Francis Cianfrocca joins Ben Domenech for the Monday, October 26th edition of Coffee & Markets, a series of brief morning podcasts on politics and the marketplace, now appearing as well on WashingtonTimes.com.
Today’s podcast focuses on Neil Barofsky’s IG report covering the uncontrolled ramifications of the TARP program, its lack of anti-fraud measures, and how much the taxpayers will end up paying for it all.
Items discussed include this DC Examiner editorial:
Congress put American taxpayers on the hook for $700 billion last year when it approved the massive bailout to paper over the imprudent lending decisions of nine Wall Street giants: Bank of America, Citigroup, Wells Fargo, JP Morgan Chase, Goldman Sachs, Morgan Stanley, Merrill Lynch, State Street and the Bank of NY Mellon. The bailout was essential to save the nation from a complete economic meltdown. Or so insisted President George W. Bush, Treasury Secretary Hank Paulson, Senate Majority Leader Harry Reid and House Speaker Nancy Pelosi…
In his 256-page report to Congress, Barofsky notes that the Treasury Department’s failure to implement anti-fraud measures, or even to require TARP recipients to report how they used the billions Congress and the Treasury Department gave them, makes it highly unlikely that the $317 billion outstanding — nearly half the TARP total — will ever be returned to taxpayers. Barofsky also threatened to subpoena documents relating to the Treasury Department’s “less-than-accurate statements … concerning TARP’s first investments in nine large financial institutions,” as well as its subsequent refusal to report what hundreds of other TARP recipients did with the funds.

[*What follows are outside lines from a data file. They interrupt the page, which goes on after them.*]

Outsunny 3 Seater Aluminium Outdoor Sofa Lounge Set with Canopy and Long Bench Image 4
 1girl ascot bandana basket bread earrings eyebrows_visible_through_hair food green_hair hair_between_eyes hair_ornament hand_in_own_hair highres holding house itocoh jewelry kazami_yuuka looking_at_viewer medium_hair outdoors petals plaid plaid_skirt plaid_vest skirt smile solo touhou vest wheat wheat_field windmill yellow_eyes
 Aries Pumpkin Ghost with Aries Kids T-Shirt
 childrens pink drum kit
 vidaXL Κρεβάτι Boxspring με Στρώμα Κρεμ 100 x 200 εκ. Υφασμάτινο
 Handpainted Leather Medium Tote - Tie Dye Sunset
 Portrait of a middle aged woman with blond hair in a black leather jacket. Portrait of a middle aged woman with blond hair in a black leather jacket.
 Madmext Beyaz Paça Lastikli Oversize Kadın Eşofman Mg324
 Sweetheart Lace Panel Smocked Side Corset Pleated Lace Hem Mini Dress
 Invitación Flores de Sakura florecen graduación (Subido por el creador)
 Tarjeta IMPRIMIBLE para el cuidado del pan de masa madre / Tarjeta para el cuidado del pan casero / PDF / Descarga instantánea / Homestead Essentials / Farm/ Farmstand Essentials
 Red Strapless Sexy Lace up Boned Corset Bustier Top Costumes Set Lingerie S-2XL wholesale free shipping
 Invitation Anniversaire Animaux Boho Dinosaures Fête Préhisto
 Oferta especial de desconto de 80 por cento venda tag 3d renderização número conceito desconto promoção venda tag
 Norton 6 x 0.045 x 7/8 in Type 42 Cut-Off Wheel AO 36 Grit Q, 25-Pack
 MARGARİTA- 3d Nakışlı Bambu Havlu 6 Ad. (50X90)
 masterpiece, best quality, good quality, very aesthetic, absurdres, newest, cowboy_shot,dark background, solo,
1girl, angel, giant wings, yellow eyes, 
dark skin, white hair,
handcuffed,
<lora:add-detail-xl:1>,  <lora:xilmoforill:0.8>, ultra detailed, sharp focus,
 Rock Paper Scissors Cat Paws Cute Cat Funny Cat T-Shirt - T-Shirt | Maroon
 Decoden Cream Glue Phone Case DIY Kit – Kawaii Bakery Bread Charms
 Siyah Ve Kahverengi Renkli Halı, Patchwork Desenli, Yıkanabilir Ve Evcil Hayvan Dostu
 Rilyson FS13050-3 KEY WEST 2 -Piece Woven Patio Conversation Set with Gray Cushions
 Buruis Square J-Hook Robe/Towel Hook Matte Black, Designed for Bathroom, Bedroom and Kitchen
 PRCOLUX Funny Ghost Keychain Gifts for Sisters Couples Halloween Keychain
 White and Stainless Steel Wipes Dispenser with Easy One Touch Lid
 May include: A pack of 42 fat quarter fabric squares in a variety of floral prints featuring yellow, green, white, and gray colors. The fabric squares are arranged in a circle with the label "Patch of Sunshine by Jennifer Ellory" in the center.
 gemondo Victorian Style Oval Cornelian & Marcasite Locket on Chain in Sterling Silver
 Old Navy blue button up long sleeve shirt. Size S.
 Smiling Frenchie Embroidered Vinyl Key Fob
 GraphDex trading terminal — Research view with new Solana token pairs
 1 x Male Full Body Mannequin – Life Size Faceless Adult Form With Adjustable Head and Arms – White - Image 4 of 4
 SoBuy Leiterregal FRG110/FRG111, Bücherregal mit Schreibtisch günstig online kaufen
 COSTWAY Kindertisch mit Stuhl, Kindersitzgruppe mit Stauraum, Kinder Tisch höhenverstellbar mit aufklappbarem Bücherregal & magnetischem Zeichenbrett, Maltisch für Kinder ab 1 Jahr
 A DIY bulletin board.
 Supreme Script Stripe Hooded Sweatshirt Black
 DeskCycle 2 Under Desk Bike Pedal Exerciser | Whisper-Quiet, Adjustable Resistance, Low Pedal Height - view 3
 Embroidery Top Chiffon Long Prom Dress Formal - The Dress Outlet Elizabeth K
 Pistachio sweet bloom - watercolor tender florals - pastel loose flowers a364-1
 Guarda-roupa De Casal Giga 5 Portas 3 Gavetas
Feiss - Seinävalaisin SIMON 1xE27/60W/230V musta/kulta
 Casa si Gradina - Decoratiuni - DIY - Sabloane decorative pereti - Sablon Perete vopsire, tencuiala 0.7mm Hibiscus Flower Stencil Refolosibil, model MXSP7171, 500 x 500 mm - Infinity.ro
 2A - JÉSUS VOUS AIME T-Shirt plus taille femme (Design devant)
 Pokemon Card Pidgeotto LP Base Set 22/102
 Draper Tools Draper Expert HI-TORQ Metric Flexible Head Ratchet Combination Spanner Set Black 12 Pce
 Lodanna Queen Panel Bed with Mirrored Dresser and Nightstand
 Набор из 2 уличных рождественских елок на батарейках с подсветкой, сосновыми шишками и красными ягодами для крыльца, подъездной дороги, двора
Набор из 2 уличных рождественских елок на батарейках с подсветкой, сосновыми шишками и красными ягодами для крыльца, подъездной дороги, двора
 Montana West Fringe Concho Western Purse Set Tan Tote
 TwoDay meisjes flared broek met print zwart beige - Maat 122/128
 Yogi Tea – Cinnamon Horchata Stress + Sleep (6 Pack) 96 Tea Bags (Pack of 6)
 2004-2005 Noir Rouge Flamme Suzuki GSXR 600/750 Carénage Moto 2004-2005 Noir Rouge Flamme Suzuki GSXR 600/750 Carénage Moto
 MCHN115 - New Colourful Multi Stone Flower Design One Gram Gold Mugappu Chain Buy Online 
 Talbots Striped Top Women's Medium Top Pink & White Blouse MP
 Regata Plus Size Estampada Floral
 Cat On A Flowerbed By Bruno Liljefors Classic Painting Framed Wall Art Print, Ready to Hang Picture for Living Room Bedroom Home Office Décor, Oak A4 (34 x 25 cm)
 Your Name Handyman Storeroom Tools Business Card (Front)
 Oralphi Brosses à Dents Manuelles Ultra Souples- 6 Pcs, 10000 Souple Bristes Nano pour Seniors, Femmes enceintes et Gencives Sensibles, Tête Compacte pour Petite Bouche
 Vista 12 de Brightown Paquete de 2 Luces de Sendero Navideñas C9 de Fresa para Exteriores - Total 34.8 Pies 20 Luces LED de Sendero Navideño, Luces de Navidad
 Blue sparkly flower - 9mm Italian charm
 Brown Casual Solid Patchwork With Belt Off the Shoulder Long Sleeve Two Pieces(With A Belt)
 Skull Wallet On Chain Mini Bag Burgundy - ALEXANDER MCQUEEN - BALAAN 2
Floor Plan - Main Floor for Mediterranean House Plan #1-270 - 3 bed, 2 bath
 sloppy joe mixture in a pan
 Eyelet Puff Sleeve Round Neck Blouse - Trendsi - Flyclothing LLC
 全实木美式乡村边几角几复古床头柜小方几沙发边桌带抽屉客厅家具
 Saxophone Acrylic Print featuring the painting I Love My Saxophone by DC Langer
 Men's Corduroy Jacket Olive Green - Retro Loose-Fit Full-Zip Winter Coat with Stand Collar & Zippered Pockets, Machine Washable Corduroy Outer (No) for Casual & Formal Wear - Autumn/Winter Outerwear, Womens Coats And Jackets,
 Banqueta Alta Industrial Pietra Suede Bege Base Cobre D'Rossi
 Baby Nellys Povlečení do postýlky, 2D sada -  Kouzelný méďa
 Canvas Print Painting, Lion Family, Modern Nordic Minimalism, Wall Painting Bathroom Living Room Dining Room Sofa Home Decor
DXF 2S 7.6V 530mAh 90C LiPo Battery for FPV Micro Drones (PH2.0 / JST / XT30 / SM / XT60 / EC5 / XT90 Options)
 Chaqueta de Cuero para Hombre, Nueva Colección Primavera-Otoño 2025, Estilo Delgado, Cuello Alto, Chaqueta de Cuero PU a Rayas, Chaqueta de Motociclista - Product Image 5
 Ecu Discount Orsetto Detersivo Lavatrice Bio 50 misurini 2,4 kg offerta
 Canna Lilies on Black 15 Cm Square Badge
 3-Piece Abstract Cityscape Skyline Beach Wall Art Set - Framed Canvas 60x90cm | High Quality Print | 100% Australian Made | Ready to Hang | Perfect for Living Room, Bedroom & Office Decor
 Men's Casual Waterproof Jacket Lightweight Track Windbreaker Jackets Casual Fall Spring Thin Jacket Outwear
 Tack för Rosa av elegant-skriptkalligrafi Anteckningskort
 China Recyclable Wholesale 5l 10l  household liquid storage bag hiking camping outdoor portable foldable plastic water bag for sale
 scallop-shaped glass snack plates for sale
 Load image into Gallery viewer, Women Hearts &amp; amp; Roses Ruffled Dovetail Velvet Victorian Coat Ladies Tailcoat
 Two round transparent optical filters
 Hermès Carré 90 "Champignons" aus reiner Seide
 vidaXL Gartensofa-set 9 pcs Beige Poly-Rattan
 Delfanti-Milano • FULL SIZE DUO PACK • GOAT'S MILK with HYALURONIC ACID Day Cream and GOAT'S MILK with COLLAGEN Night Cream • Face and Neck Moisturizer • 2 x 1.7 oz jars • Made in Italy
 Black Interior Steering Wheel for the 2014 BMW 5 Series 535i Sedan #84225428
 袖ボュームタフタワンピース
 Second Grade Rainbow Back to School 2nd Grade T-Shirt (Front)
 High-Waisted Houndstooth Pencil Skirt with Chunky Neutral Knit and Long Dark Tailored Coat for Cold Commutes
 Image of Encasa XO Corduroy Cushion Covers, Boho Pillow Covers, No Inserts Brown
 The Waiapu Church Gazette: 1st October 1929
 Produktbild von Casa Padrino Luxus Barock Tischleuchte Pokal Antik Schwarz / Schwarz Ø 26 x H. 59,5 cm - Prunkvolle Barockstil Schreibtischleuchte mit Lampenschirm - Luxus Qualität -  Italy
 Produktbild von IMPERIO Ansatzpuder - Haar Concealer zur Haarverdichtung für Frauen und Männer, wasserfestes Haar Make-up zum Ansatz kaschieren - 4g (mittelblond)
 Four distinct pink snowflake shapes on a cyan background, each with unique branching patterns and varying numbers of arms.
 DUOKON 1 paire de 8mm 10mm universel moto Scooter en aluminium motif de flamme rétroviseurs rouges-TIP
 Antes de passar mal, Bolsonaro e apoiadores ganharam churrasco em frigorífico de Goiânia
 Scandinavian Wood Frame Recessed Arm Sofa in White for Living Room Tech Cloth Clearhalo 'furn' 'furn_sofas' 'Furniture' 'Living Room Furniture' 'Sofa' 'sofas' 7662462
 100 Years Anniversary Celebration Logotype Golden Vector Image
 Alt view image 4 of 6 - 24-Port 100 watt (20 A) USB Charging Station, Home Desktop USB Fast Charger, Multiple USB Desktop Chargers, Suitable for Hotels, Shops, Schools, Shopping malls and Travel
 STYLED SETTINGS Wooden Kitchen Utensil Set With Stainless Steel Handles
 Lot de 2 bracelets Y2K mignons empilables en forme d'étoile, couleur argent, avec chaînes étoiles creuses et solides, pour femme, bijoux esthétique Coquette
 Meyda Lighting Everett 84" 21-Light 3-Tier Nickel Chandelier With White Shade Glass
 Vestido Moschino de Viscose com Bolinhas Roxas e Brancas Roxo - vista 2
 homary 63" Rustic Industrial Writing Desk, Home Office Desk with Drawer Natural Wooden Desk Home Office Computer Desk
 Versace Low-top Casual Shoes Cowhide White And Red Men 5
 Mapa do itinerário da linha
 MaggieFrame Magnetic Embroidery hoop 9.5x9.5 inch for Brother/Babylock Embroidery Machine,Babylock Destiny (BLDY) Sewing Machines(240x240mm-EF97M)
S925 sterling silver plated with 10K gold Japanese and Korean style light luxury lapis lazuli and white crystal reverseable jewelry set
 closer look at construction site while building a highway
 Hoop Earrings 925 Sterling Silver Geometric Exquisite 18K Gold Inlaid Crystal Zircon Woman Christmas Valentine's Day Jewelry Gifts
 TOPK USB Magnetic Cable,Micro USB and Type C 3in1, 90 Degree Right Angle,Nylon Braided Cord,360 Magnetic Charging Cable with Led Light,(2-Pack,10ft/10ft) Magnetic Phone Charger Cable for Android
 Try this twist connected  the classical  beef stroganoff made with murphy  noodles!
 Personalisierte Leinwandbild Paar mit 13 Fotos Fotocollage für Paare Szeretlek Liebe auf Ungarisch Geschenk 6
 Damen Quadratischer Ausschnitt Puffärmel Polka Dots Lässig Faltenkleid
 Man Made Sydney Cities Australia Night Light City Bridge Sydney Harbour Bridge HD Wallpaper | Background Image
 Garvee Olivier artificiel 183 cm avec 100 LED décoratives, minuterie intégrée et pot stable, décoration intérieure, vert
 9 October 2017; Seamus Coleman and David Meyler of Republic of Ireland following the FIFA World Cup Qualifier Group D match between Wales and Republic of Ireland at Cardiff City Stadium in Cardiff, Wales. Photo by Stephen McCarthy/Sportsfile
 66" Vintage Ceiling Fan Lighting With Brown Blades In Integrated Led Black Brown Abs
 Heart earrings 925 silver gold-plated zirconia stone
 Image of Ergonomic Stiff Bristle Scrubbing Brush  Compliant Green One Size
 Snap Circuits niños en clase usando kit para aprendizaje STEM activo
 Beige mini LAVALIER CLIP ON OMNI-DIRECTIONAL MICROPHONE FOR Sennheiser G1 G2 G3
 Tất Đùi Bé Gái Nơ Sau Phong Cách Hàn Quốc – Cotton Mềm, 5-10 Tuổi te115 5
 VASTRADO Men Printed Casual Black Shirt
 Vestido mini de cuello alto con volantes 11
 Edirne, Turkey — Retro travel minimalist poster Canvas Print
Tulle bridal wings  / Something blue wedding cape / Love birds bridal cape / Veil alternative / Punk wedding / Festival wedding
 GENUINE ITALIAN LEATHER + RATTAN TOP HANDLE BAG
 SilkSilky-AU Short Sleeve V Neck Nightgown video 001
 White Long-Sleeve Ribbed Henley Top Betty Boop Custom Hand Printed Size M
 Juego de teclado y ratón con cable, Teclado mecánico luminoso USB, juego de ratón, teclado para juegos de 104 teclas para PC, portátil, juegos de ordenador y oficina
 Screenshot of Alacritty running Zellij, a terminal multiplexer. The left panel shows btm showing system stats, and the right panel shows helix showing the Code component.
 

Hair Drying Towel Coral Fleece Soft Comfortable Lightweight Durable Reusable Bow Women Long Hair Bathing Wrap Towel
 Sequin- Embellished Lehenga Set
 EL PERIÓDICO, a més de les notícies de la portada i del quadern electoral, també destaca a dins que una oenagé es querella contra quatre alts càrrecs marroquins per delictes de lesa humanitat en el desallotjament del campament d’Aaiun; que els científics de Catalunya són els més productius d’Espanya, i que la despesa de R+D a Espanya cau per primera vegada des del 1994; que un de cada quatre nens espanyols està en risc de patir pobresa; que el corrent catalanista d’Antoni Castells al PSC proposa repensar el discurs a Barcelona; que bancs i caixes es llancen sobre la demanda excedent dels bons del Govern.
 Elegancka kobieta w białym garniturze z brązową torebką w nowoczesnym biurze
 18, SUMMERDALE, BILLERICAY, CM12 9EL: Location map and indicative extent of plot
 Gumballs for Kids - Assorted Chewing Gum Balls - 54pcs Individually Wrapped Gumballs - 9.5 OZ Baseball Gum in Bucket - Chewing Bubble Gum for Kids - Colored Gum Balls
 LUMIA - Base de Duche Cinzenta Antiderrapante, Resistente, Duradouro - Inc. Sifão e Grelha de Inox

So there you have it: Treasury officials lied to Congress and the public, and refused to demand even a basic level of accountability from TARP recipients while borrowing hundreds of billions of dollars that taxpayers will eventually have to pay back, plus billions in interest. Incredibly, just Wednesday, President Obama announced a new TARP-like program for small businesses and community banks. The madness in Washington won’t stop until the people completely clean house at both ends of Pennsylvania Avenue.